Il résulte toutefois de la jurisprudence constante qu'une telle notification par publication ne peut intervenir qu'après que le poursuivant et l'Office ont procédé à toutes les démarches raisonnablement exigibles au regard des circonstances afin de déterminer une adresse de notification.

Or, il ressort du dossier que les recherches du poursuivant et celles de l'Office se sont avérées trop limitées. En particulier, les informations lacunaires obtenues auprès de la régie, qui n'a pas communiqué la date de départ, ni une éventuelle nouvelle adresse, ainsi que le caractère pour le moins laconique du rapport de l'agent notificateur dénotent qu'il existe encore des possibilités d'approfondir les recherches avant de procéder à une notification par voie de publication.

Il ne saurait donc être donné une suite favorable en l'état à la demande de notification par la voie édictale formulée par le poursuivant.

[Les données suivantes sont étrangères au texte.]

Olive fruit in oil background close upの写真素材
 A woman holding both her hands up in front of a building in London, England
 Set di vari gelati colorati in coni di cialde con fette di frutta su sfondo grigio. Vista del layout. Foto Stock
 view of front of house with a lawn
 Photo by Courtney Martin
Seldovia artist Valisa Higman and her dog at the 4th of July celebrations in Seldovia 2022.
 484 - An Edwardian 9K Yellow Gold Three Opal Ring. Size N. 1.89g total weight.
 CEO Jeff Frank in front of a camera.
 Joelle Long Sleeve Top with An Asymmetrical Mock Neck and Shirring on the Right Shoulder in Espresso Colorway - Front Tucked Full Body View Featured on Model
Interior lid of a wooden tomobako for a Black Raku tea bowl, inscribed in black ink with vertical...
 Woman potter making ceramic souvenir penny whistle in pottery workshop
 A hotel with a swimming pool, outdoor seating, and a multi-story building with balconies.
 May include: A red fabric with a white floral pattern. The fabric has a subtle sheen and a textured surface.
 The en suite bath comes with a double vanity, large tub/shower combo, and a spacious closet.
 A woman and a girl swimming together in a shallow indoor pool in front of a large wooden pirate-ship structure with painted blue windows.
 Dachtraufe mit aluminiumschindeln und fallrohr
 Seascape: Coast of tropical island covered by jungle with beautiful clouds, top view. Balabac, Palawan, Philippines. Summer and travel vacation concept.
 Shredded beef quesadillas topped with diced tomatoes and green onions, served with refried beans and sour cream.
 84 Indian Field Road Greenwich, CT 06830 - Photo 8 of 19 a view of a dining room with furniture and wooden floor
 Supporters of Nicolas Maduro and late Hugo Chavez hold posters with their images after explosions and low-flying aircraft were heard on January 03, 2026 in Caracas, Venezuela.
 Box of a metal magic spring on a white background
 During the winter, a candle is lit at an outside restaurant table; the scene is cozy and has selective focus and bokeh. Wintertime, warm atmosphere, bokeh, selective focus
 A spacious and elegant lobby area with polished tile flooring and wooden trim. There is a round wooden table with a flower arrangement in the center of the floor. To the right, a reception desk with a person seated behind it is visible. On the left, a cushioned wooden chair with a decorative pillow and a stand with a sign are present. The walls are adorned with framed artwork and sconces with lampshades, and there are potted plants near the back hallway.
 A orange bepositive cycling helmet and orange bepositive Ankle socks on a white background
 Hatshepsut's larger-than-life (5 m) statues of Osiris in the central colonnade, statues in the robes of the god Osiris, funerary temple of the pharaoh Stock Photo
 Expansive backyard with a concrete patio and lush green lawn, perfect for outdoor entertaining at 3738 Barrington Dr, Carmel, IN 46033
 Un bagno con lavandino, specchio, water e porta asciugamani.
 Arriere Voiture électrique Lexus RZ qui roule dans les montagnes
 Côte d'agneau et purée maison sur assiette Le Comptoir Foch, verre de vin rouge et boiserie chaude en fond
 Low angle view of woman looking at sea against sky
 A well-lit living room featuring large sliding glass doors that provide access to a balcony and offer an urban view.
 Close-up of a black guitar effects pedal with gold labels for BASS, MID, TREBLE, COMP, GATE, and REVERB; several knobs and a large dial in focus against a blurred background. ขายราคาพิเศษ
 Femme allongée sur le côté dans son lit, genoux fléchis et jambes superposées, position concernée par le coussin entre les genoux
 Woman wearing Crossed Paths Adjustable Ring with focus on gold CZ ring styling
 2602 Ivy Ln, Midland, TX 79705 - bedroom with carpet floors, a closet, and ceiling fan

3. La procédure de plainte est gratuite (art. 20a al. 2 ch. 5 LP et art. 61 al. 2 let. a OELP) et il ne peut être alloué aucuns dépens dans cette procédure (art. 62 al. 2 OELP).


PAR CES MOTIFS,
La Chambre de surveillance :

A la forme :

Déclare recevable la plainte formée le 19 mai 2017 par A______ contre la décision de non-lieu rendue le 11 mai 2017 par l'Office des poursuites dans la poursuite n° 16 xxxx10 B.

Au fond :

L'admet partiellement.

Annule la décision de non-lieu du 11 mai 2017.

Invite l'Office des poursuites à continuer la procédure de poursuite dans le sens des considérants.

Siégeant :

Monsieur Patrick CHENAUX, président; Monsieur Michel BERTSCHY et
Monsieur Mathieu HOWALD, juges assesseurs; Madame Marie NIERMARECHAL, greffière.

 

Le président :

Patrick CHENAUX

 

La greffière :

Marie NIERMARECHAL

 


Voie de recours :

Le recours en matière civile au sens de l’art. 72 al. 2 let. a de la loi sur le Tribunal fédéral du 17 juin 2005 (LTF; RS 173.110) est ouvert contre les décisions prises par la Chambre de surveillance des Offices des poursuites et des faillites, unique autorité cantonale de surveillance en matière de poursuite pour dettes et faillite (art. 126 LOJ). Il doit être déposé devant le Tribunal fédéral, 1000 Lausanne 14, dans les dix jours qui suivent la notification de l'expédition complète de la présente décision (art. 100 al. 1 et 2 let. a LTF) ou dans les cinq jours en matière de poursuite pour effets de change (art. 100 al. 3 let. a LTF). L’art. 119 al. 1 LTF prévoit que si une partie forme un recours ordinaire et un recours constitutionnel, elle doit déposer les deux recours dans un seul mémoire. Le recours doit être rédigé dans une langue officielle, indiquer les conclusions, en quoi l'acte attaqué viole le droit et les moyens de preuve, et être signé (art. 42 LTF).

Le recours doit être adressé au Tribunal fédéral, 1000 Lausanne 14.